Le rapport de Tsai Ming-Liang à ses personnages est particulièrement intéressant. Il ne leur fait prononcer aucune parole, sauf lorsqu’ils chantent. Il filme le corps de son personnage principal (Lee Kang-Sheng, qui l’accompagne dans presque tous ses films) sans aucune pudeur, tandis qu’il nous montre à peine l’héroïne, qui se révèle pourtant très belle quand nous avons la chance de mieux la voir. Par ailleurs, si dans son scénario il essaye de les aider en les faisant se rencontrer et se croiser, sa réalisation, sans pour autant les malmener, les ramène à leur condition d’êtres humains. En effet, on ne compte plus les plans, filmés en grand angle, qui regardent patiemment les personnages traverser toute la longueur de l’écran, marchant, parcourant l’espace, traînant derrière eux le poids de la solitude amoureuse.
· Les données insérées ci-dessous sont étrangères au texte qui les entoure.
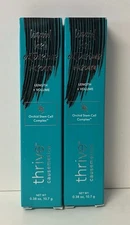 Thrive Causemetics Liquid Lash Extensions Mascara Brynn Rich Black .38oz 2 Tubes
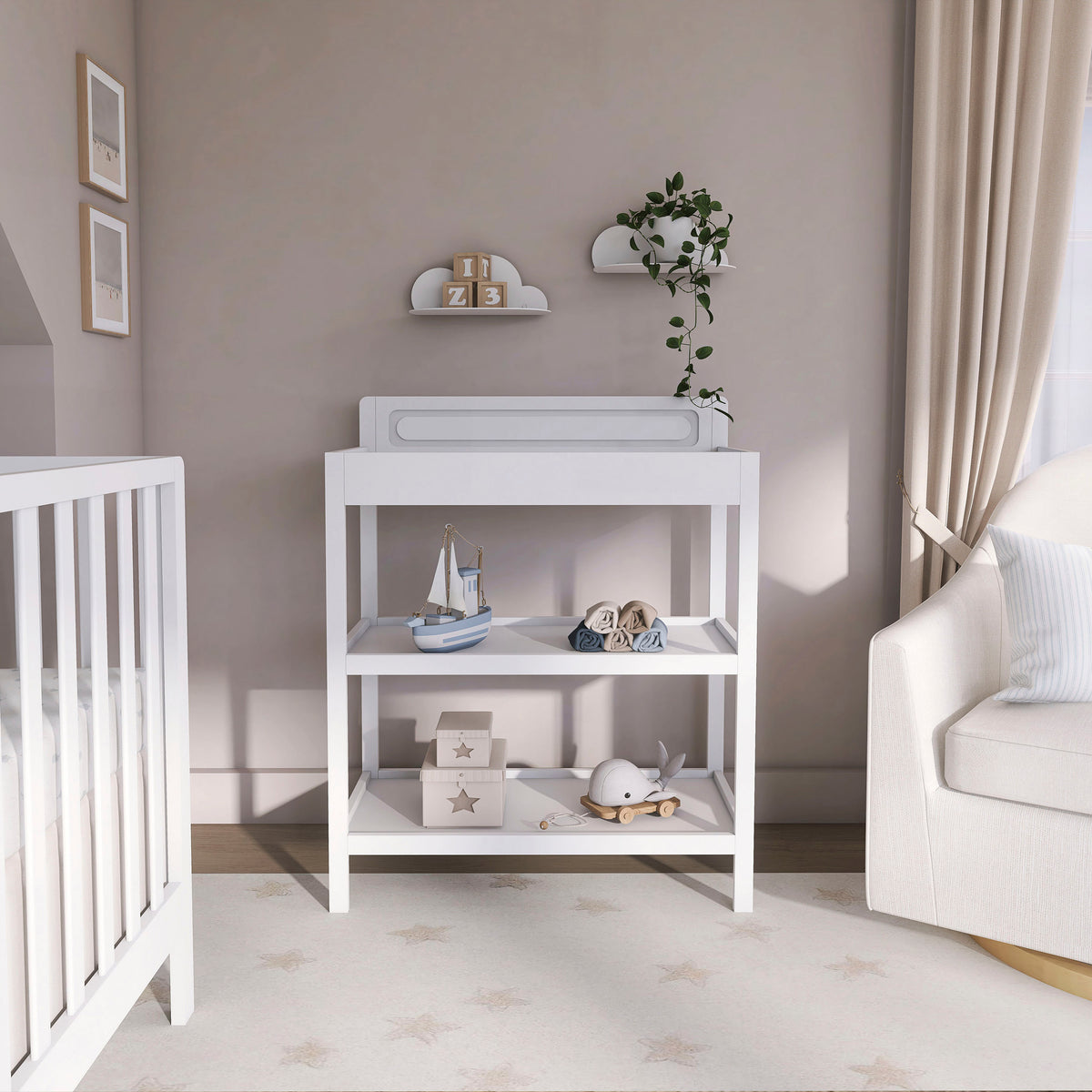 Dream On Me Avery Changing Table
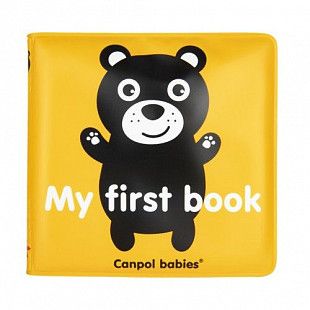 Мягкая книга Canpol babies с пищалкой 2/803 Bear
Sous des abords austères et en dépit de quelques longueurs, La Saveur de la pastèque est en fait un film très poétique, un film sur le désir. Le héros, acteur de films pornographiques, se repaît d’actes sexuels, devant les caméras ou en solitaire, mais le véritable acte d’amour lui est impossible. Lorsque l’occasion se présente, il ne veut pas ou ne peut pas, mais en tout cas ne le réalise pas. Le film oscille sans cesse entre réalité et fantasme, entre des scènes très crues et une pudeur touchante. Sur l’ensemble flottent des moments d’une grande originalité, oniriques ou surréalistes : l’héroïne qui fait mine d’accoucher de sa pastèque, le héros se servant du pied de l’héroïne comme porte-cigarette, des bulles de savon voltigeant mystérieusement et venant s’échouer sur l’héroïne, les nuages présents sur le plafond de la chambre de l’héroïne, dans le titre original et dans la chanson finale.
Le film procure finalement une sensation étrange, sa plus grande beauté résidant dans ses secrets et dans la part de mystère qu’il conserve. Tsai Ming-Liang nous aura choqués, mis mal à l’aise, amusés, attendris. D’un point de vue formel autant que narratif, La Saveur de la pastèque peut finalement être comparé à une histoire d’amour, avec ses doutes (les hésitations des personnages et la caméra parfois distante), ses attentes (les longs plans contemplatifs), ses moments d’exaltation (les scènes de comédie musicale fantaisistes) et son final en forme d’orgasme simultané et profondément troublant, qui laisse, comment dire, un goût amer. Tsai Ming-Liang est-il un artiste ou un pervers ? Probablement les deux à la fois.